Cenografia do espetáculo Bodas / Prokofiev no Theatro São Pedro
MP: Dentro do universo da cenografia, você tem alguma técnica de preferência?
GM: No começo da minha carreira trabalhei muito como ilustradora para livros infantis, e, a partir daí, enveredei para o desenho e a pintura. Hoje eu me considero uma cenógrafa pintora (especialista em pintura cênica). Vejo a cenografia como arte e adoro observar a pintura cênica e os seus mais diversos detalhes. Para mim, a é fundamental que esta técnica retrate a realidade do material e os anos de utilização que tal material deve expressar em cena. Cenários muitos limpos, sem a ilusão cênica da passagem do tempo, tiram a magia da cena. Gosto de valorizar os aspectos do tempo em cada detalhe das paredes, objetos, adereços etc. Adoro fazer texturas de paredes, muros, aspectos mofados, madeiras, mármores, granitos.
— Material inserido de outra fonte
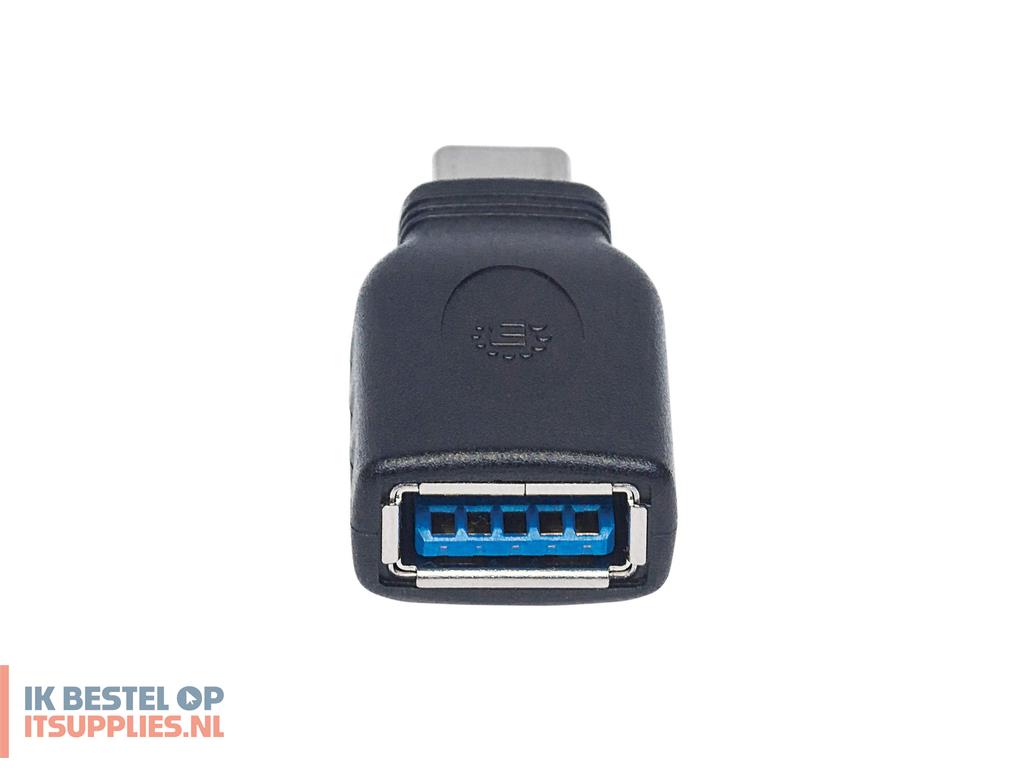 3415310-manhattan_354646_tussenstuk_voor_kabels_usb_c_usb_a_zwart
Montagem do Cenário, Senhor Couve Florida. Estreia em 24/11/2016 no Theatro São Pedro. Participação dos estagiários da SP Escola de Teatro.
Cenografia da Operetta, Senhor Couve Florida. Estreia em 24/11/2016 no Theatro São Pedro. Participação dos estagiários da SP Escola de Teatro.
MP: O que você diria para um aprendiz que está começando na profissão?
GM: Eu diria que todo aprendiz deva fazer Cenografia ou Técnicas de Palco porque realmente se sente realizado fazendo isso. Que ele escute o seu coração para saber se é isso mesmo que quer fazer. Todo profissional deve amar a profissão e tentar fazer dentro dela os melhores trabalhos possíveis. Sempre digo a todos que estão comigo que devemos nos valorizar como profissionais e dar valor ao trabalho produzido. Se desde o início da profissão o aprendiz dá o real valor ao seu trabalho, com o passar dos anos ele certamente será visto pelos outros como um profissional de força artística muito grande. E, por fim, o artista nunca deve deixar de estudar, pois nunca estaremos suficientemente prontos e nunca conheceremos tudo. Sempre teremos algo a estudar e a aprender, pois temos de ser profissionais cultos. A cultura nos salva.